EXERCISE REQUIREMENTS –
Exactly the lines from the one containing "фото №11, Подушка" through the end of the data, and nothing more, should be retyped; pictures stay out.

DATA UNDER STUDY –
□ □ □ □ □

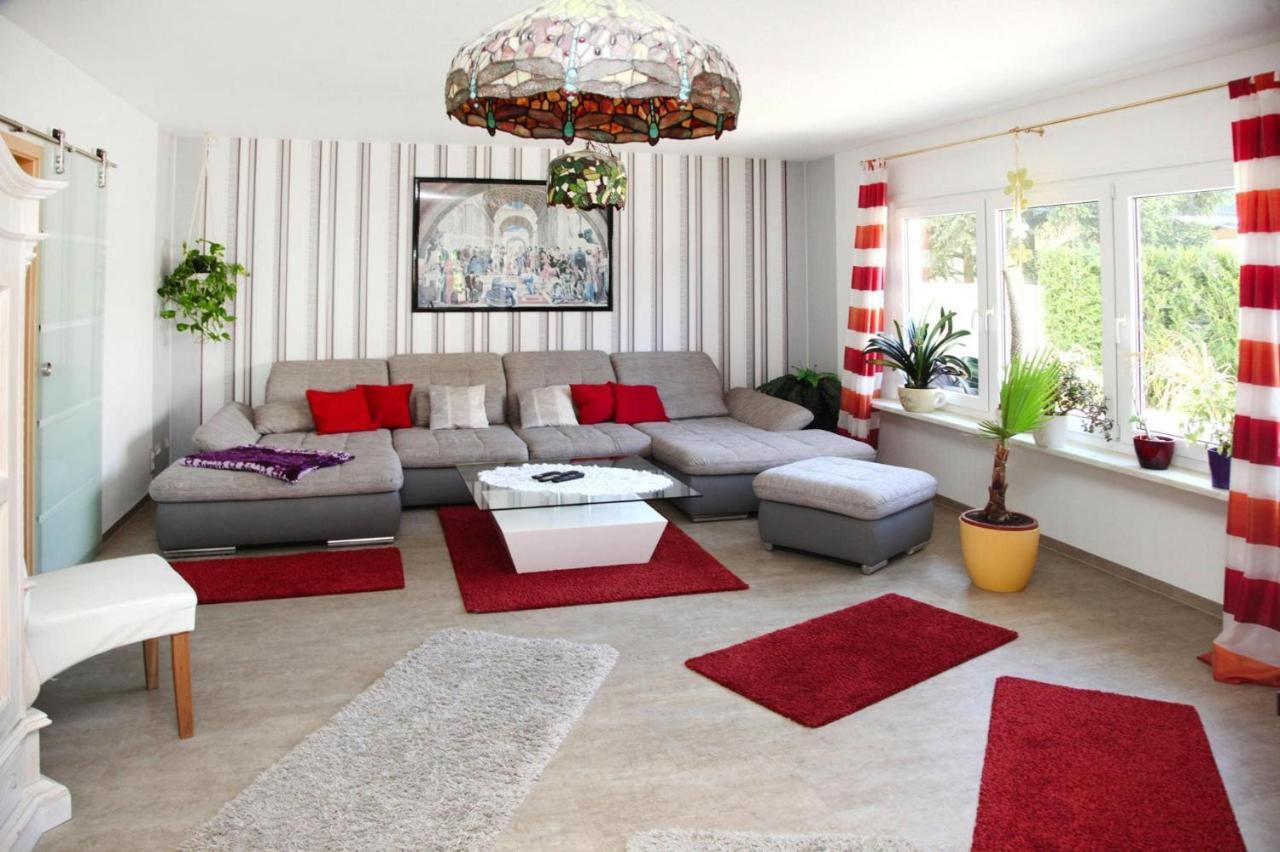 Ferienhaus Adler In มิโรว์ ภายนอก รูปภาพ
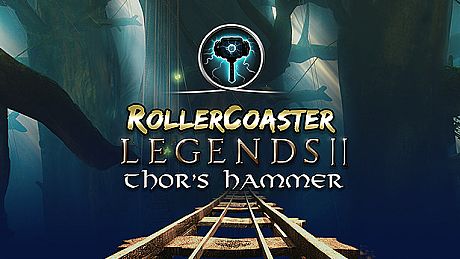 RollerCoaster Legends II: Thor's Hammer Game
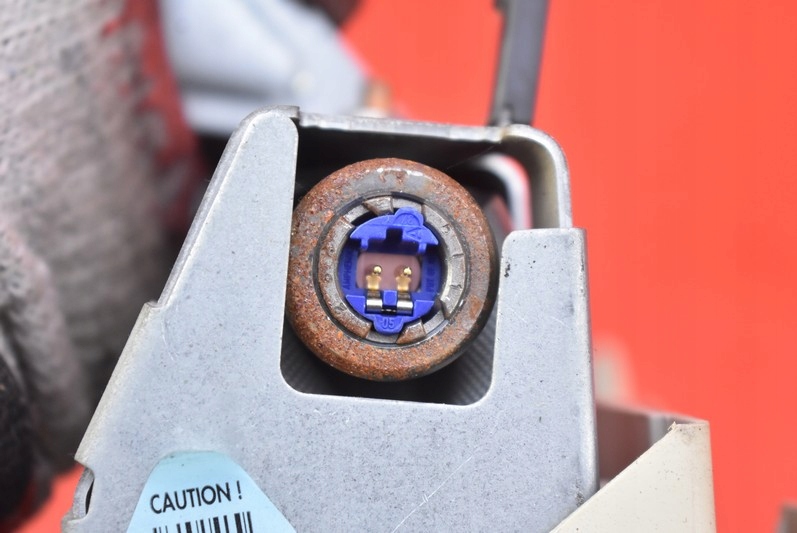 фото №11, Подушка безпеки подушка повітряна водія 96446970 citroen c6 1 i 05-12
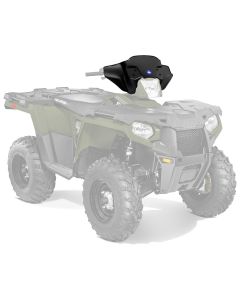 Polaris K-WINDSHIELD ATV LOW BLACK ersatt av 9999999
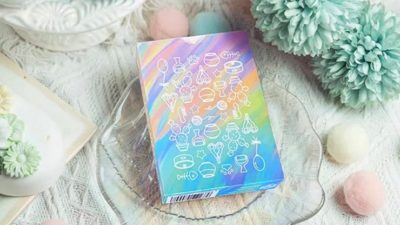Kitten Diary - Colorful Edition Playing Cards by ACPC - Image 6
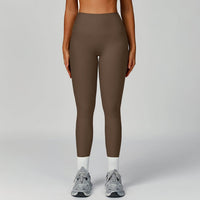 Women's Fashion Personalized Thread Yoga Trousers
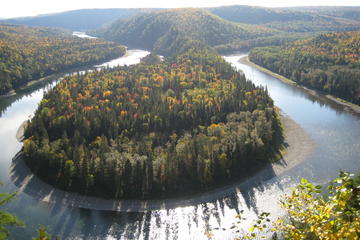 Day Trip Gaspesie 2-Day Canoe or Kayak Camping Expedition near Gasp 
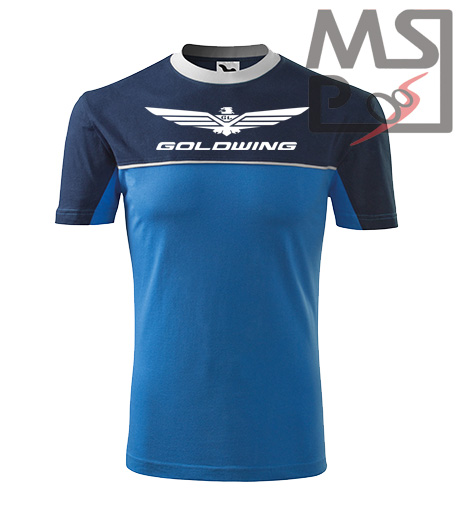 Pánske tričko Honda Goldwing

□ □ □ □ □

ANSWER BOX –
 фото №11, Подушка безпеки подушка повітряна водія 96446970 citroen c6 1 i 05-12
 Polaris K-WINDSHIELD ATV LOW BLACK ersatt av 9999999
Kitten Diary - Colorful Edition Playing Cards by ACPC - Image 6
 Women's Fashion Personalized Thread Yoga Trousers
 Day Trip Gaspesie 2-Day Canoe or Kayak Camping Expedition near Gasp 
 Pánske tričko Honda Goldwing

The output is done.